# sandusky river @ Tiffin



## buckzye11 (Jul 16, 2009)

Im headed to fish the sandusky near tiffin in 2 weeks. im not from the area, i was just wondering if that stretch of river holds a good smallmouth population or not. if not what kind of fishing is best suited for the tiffin area. i remember seeing some musky mounts at the bar on the river a few years back. any input would be appriciated, thanks


----------



## fshnfreak (Feb 24, 2007)

well as long as the river is at a fishable level there are plenty of places to go and catch smallies. that is normally what i target in and around tiffin. the river thru tiffin is better smallie water than anything else. you can catch cats carp and various other species as well. as far as the musky/pike bite your a little late for that i suppose if u can find the summer haunts im sure you could possibly catch one or two. i would bring my light fishing tackle and small twister tails, mepps/rooster tails, and a few small cranks. have fun the bite is on when the river level allows u to fish.


----------



## ufaquaoiler (Jan 14, 2010)

if you want smallies then target the riffle areas near nature trails park and the huss street bridge. smallie fishing can vary, but if you know where to look then you should at least get some. try to find water at least 2 feet deep with moderate current and good rocks and you probably found smallmouth. also try the current breaks behind bigger rocks and near any current break in general. dont shy away from the slower pools either as ive gotten plenty in there. some fish will be very small, but there are plenty of 10-12 inch fish and a few 14"+ around too. ive lived in tiffin since i was 4 and i used to see people of all ages keeping 8 and 10 inch smallmouth like crazy, but havent seen it near as much the past few years even though i dont doubt it still happens. unfortunately that is why we dont get too many big smallies in tiffin, but ive gotten a couple in the 16" range. my favorite lure is a bluefox inline spinner with the minnow looking head, but beetle spins claim their fair share too. the simple leadhead grub, crayfish plug, and minnow/shad plug also produce fish, but i find my best luck with a small spinner. if you fish the deeper riffles at nature trails park (opposite side of the river from the pioneer mill restaurant) you can float a minnow and bobber and catch catfish like crazy if the smallies arent hitting. catfish range from 10-18 inches, but i also get a few over 20. as for muskie and pike ive heard reports of muskie, but even fishing that river as long as i can remember ive only gotten 1 pike that was 14" and a friend got 2 this year that were each around 18". sunfish, suckers, and carp are plentiful in the smallmouth riffles though. best of luck to ya!


----------



## AtticaFish (Nov 23, 2008)

The smallies are plentiful, but as stated before, most are pretty small. Many many rock bass as well.

Lots of easy public access points on the road just north of Tiffin that runs right along the river.

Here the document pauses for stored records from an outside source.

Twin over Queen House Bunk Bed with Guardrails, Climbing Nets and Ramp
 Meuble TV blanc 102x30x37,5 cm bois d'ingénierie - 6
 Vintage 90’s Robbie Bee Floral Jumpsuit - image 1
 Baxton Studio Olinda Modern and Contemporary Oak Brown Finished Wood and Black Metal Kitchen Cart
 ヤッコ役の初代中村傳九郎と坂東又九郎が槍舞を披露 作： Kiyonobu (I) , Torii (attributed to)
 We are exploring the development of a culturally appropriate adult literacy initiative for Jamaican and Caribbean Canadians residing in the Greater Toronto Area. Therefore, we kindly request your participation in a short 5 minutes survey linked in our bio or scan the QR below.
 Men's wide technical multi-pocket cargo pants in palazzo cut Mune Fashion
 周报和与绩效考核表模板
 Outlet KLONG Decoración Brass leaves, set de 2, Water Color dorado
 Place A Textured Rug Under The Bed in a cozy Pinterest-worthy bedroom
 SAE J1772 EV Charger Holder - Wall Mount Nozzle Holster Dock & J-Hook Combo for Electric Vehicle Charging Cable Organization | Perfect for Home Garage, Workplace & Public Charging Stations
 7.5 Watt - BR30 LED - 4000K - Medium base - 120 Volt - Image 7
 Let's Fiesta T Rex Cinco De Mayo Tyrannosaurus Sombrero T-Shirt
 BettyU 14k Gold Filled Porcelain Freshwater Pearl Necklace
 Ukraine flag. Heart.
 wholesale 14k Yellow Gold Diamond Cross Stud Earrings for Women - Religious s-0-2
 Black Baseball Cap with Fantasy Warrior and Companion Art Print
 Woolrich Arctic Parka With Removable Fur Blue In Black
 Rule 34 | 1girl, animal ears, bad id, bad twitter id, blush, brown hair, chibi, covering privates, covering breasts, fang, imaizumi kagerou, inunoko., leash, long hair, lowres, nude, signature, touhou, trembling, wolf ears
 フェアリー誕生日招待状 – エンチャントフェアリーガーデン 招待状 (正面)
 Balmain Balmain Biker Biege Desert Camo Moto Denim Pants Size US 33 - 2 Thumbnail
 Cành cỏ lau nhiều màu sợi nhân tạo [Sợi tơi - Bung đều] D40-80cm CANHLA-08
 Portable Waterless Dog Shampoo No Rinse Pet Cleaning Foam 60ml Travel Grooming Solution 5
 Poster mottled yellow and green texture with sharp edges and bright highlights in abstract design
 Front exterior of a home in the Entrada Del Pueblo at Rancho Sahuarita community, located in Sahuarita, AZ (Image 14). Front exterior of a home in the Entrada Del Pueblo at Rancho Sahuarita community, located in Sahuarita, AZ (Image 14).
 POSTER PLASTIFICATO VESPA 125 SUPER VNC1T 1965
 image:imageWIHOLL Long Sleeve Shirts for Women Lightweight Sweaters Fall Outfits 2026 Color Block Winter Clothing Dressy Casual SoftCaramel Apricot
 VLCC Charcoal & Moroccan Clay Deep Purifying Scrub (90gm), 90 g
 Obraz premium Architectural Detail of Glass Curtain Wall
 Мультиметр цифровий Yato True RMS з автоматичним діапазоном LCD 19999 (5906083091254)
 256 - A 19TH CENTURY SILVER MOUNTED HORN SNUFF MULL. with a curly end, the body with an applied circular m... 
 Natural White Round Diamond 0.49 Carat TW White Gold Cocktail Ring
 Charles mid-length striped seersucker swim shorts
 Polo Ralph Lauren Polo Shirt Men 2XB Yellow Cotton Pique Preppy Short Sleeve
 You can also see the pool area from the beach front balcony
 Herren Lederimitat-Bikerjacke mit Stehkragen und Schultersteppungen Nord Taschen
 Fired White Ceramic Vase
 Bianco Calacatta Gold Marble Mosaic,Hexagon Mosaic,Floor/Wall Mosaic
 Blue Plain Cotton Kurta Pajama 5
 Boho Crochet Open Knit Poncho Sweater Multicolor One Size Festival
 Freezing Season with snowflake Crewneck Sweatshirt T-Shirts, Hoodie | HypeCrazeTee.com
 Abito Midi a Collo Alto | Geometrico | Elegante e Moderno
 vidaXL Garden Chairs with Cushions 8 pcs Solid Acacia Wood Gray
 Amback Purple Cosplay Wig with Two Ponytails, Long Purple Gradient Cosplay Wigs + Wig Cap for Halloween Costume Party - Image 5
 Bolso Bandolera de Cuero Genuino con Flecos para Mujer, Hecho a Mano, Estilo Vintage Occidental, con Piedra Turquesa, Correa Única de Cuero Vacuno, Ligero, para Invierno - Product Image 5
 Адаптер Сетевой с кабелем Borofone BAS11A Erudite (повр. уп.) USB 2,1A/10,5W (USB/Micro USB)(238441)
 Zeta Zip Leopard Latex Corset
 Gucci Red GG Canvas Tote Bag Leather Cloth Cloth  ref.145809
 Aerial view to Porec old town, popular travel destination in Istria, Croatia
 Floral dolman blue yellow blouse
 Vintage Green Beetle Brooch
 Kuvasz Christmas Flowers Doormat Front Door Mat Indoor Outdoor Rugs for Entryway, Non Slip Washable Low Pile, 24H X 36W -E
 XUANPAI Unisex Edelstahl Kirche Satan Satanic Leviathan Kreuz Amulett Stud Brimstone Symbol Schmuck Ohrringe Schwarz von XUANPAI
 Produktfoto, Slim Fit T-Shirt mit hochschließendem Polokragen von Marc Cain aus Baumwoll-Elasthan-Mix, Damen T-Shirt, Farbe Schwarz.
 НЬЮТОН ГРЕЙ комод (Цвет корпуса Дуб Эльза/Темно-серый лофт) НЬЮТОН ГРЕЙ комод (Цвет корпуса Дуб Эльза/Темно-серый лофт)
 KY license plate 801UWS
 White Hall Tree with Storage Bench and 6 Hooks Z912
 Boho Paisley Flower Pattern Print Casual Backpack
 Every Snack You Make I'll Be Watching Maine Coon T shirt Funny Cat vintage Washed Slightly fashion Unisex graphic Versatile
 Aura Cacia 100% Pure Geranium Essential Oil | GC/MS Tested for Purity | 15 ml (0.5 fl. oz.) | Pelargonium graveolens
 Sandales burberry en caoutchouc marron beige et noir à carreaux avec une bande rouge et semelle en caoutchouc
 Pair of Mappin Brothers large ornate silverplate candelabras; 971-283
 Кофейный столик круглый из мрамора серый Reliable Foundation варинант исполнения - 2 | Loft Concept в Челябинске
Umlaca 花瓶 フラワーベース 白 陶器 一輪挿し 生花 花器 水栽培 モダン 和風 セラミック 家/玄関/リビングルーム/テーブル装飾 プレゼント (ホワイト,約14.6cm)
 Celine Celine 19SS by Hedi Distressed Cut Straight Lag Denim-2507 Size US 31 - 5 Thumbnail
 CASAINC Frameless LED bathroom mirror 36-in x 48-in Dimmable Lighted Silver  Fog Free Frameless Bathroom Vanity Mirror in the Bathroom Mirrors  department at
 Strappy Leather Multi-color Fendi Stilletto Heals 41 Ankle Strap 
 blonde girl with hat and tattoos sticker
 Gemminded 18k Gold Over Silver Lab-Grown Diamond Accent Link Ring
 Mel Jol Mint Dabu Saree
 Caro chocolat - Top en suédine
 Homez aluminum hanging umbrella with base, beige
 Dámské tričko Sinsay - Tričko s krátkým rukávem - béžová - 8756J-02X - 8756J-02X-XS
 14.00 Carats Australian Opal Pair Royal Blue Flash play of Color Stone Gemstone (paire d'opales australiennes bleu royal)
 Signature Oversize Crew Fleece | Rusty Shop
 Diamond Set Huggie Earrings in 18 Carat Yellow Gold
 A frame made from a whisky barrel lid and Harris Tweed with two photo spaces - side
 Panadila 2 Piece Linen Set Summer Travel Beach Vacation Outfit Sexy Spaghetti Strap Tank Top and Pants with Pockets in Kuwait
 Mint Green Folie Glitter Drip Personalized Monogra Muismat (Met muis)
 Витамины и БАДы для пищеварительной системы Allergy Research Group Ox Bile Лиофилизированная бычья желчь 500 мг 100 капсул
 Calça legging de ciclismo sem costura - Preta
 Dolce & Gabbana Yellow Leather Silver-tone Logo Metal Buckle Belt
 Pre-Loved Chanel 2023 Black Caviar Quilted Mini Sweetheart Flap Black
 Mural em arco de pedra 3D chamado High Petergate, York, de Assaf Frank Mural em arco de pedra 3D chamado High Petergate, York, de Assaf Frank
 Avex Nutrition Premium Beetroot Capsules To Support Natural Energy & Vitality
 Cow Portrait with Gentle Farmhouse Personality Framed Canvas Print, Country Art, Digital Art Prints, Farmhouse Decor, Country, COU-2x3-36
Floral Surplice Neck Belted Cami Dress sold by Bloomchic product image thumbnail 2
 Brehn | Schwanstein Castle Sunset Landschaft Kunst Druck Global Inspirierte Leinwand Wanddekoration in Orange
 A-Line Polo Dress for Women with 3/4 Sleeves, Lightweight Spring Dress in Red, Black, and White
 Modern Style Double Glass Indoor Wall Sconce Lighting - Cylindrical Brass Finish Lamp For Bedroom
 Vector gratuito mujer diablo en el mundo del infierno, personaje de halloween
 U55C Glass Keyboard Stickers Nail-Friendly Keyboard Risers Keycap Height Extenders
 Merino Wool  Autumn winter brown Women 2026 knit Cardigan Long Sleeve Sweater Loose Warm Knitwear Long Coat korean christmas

Just past the bridge @ county rd. 38 there is also a pull off - watch your bumper  - that has a good stretch of river from there to the north with lots of deeper holes. Definetly fit for light, ultra light or fly roding, medium wt rods are overkill. Small tubes are killer, venom 3" super do's in white, black or green are my fav, but smaller crappie style spinnerbaits will weed out lots of the smaller fish. 

Musky - Rumor is there used to be alot of them in there, i have seen lots of pictures from the 70's & 80's. :B Have fished it (alot) for 15 years now and have only landed 1 and hooked 1 other. The 1 i actually landed (on a black super do) was 23"..... lots of fun on my UL!

Can't wait till they tear down the dam in Fremont.... BRING ON THE WALLEYE!!!!!

BTW - PM me when you come over, i can show you some holes and fish a little while on my lunch break if you can fish around noon time.


----------



## buckzye11 (Jul 16, 2009)

Thanks for the great info all, my UL is ready!


----------



## ufaquaoiler (Jan 14, 2010)

how can i be so foolish as to forget all the rock bass in there? atticafish is definately right on plenty of rock bass and you will find them in the same spots as smallies. i used to tear em up in creeks as a kid and still catch plenty from 6-9" and sometimes a fish ohio 10" fish in the river while smallmouth fishing. btw dont be suprised if you catch a few catfish while smallmouth fishing. getting catfish on blue fox spinners and minnow plugs happens to me all the time. as for musky, i dont doubt people have caught them historically and the little pike i got was on the blue fox spinner, but i def would not count on hooking into one of those seeing as those of us who have fished the river all our lives only have 1 or 2 in our name. best of luck to ya!


----------